Ebenfalls kommunizieren wir bald die genauen Termine. Die Skorps werden wohl in der ersten Woche gleich drei Spiele zu bestreiten haben (Nachtragsspiel Wizards, auswärts in Laupen und zu Hause gegen die Red Lions Frauenfeld).

Stand heute werden leider keine Zuschauer zugelassen sein zu den Spielen.

 

Juniorinnen U21A werden als Breitensport eingestuft

Letzte Woche hat der Bundesrat mit verschärften Massnahmen den Trainingsbetrieb im Breitensport – und somit auch in der U21A – weiter eingeschränkt. Deshalb hat die Taskforce nun erneut geprüft, ob die U21A der Frauen und Männer als semiprofessionelle Ligen eingestuft werden können, so dass diese Teams die Möglichkeit hätten, uneingeschränkt zu trainieren.
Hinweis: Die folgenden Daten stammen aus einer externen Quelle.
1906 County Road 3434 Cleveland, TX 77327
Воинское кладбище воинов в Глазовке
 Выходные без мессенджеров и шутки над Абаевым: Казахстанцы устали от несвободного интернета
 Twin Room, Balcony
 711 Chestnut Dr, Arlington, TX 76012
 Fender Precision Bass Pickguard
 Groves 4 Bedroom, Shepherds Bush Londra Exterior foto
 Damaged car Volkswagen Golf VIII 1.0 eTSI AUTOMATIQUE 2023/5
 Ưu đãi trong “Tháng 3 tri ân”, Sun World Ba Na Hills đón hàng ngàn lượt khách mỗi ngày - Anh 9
Das BASPO definiert semiprofessionelle Ligen wie folgt: «Eine Liga führt einen überwiegend professionellen Spielbetrieb, wenn die Mehrzahl der Akteur/innen über einen «Anstellungsvertrag» verfügen, und zwar ungeachtet der Höhe der mit diesem Vertrag verbundenen Entschädigung.» Diese Anforderung vom BASPO kann heute nicht eingehalten werden, die grosse Mehrheit der U21-Spielerinnen und Spieler verfügt über keinen Anstellungsvertrag. Deshalb kann die Liga nicht als semiprofessionell eingestuft werden. Für die U21A-Teams gelten damit weiter dieselben Bedingungen wie für den Breitensport.

Hiervon sind auch unmittelbar die U19-Nationalteams betroffen, da einige Spielerinnen in der U21A spielen. Im Frühling 2021 finden schwedischen Uppsala (Frauen) die U19-Weltmeisterschaften statt. Damit sich die U19-Nati möglichst optimal darauf vorbereiten können, werden nun sinnvolle Massnahmen ausgearbeitet.

 

Transfers und Lizenzen

Aufgrund der ausserordentlichen Lage hat die Taskforce sowie der internationals Unihockeyverband IFF die Transfer- und Lizenzreglemente etwas gelockert. Dies ermöglicht den Spielerinnen und Spielern bei ruhender Meisterschaft einerseits im Ausland zu spielen oder temporär in die NLA zu wechseln.